Hawa Diallo : je suis née en 1978. Je suis sortante de l’ECICA, spécialité : secrétariat de direction. Je vis chez ma grand-sœur et son mari à Attbougou depuis le décès de notre maman. Je suis la fiancée du journaliste Birama Touré.
Nous avons effectivement appris que c’est vous qui étiez la fiancée de Birama Touré, pouvez- vous nous dire comment vous vous êtes rencontrés ?
H. Diallo : Birama et moi, nous nous sommes connus grâce à mon beau-frère, Soumaïla Coulibaly. Mais au-delà, nous sommes tous les deux issus du quartier de Bagadadji. Nos familles sont voisines. Mais le lien de mariage a été établi grâce à mon beau-frère, qui entretenait une amitié sûre avec Birama.
Votre relation avec Birama a-t-elle duré ?

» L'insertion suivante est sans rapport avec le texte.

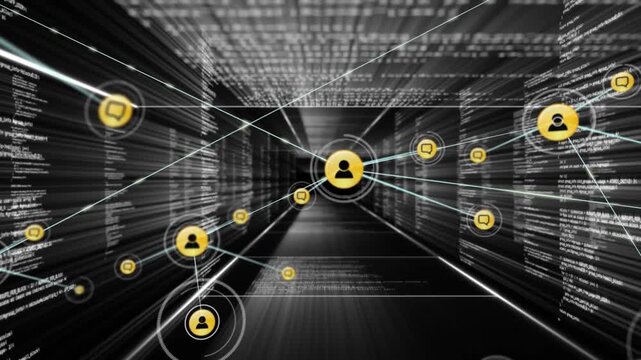 Central yellow avatar sending linking pulses in tech tunnel, growing network with message icons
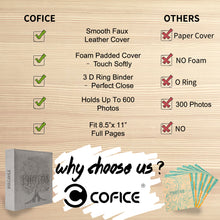 Load image into Gallery viewer, COFICE Photo Album 4x6 - 3 Ring Binder Large Picture Album Book with Index and Divider Sheets - Big Photobook with Acid-Free Pocket Sheets Holds up to 600 Photos - Elegant PU Leather Cover, Grey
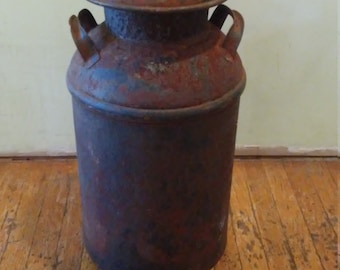 Rusty Milk Can, Vintage Metal Milk Can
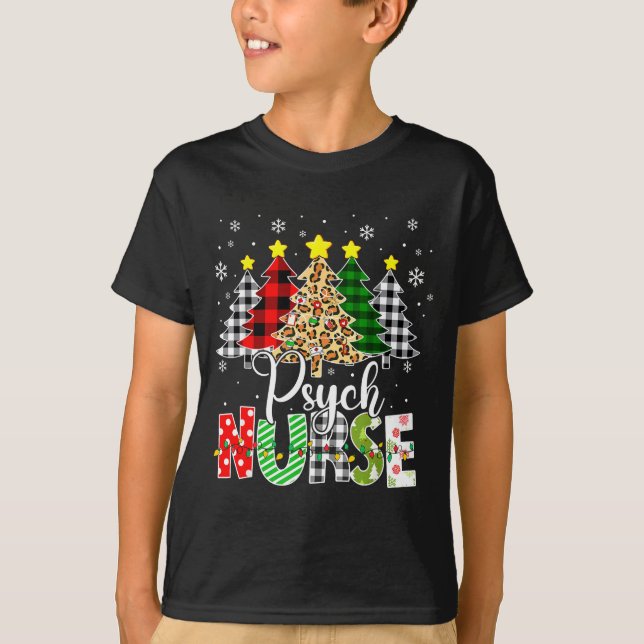 Psych Nurse Xmas Tree Leopard Red Plaid Christmas  T-Shirt (Vorderseite)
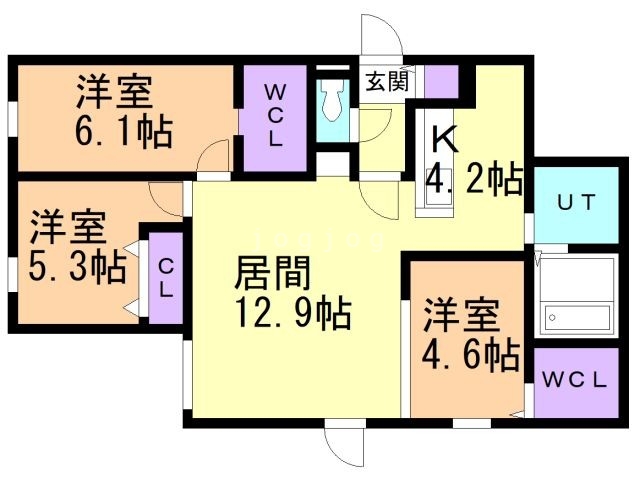 札幌市西区山の手二条のマンションの間取り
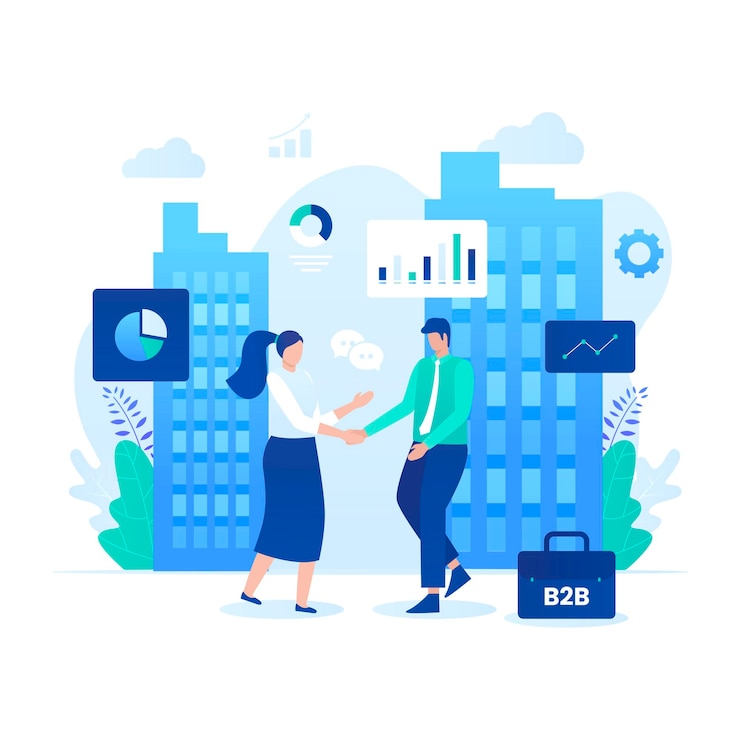 Vector business to business marketing concept.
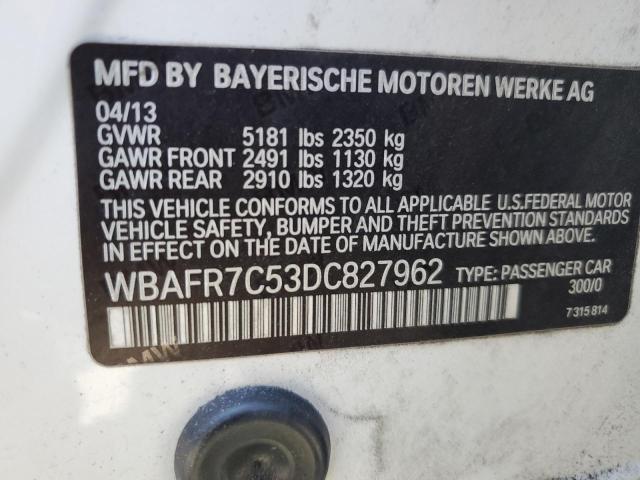 WBAFR7C53DC827962 - 2013 BMW 535 I WHITE photo 12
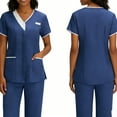 thumbnail image 4 of Scrubs for Women Medical Scrubs Set, Stylish Contrast Trim V-Neck Mock Wrap Top and Straight Leg Cargo Pants, 4-Way Stretch Professional Nurse Uniform, S-3X, 4 of 9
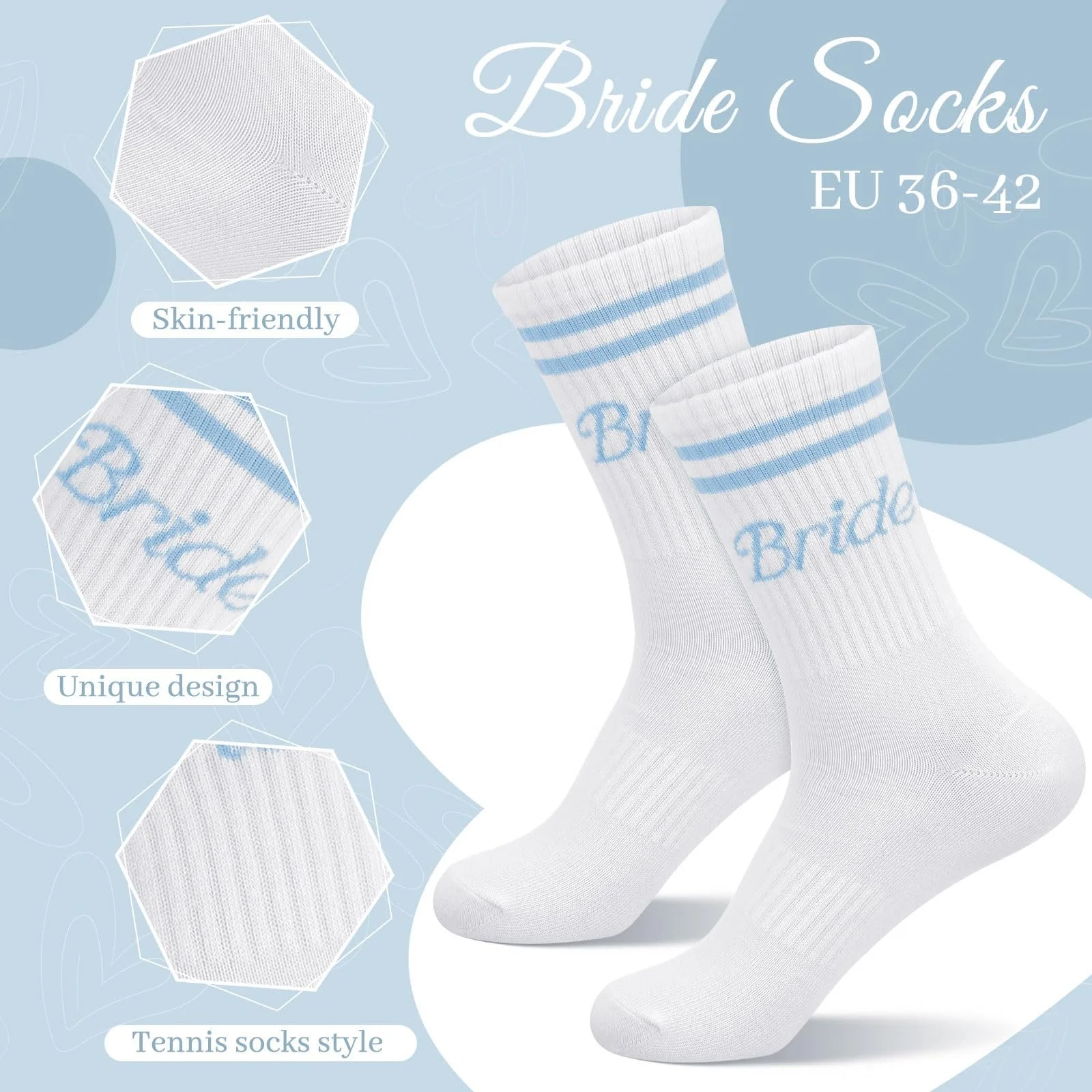 Носки Sintege Blue Bride Gifts, булавка для невесты, подвязка, косметичка и резинки для волос. Аксессуары для свадебной вечеринки JGA, фото №3 Носки Sintege Blue Bride Gifts, булавка для невесты, подвязка, косметичка и резинки для волос. Аксессуары для свадебной вечеринки JGA, фото №3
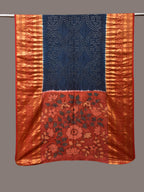 Navy and Red Bandhani Kanchipuram Silk Handloom Dupatta with Kalamkari Design - Global Threads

H. Diallo : non, franchement parlé, on ne s’est pas fréquenté avant d’envisager le mariage. C’est quand il a décidé de se marier que son choix s’est porté sur moi. Il a fait toutes les démarches à cet effet. On avait même fixé la date du mariage. C’est le jour même où l’on a fait la déclaration de mariage à la mairie que Birama a disparu. Je me rappelle bien de cette date, c’était le 29 janvier 2016. Car, la célébration de notre mariage était programmée pour le 14 février 2016 à la mairie de Bagadadji.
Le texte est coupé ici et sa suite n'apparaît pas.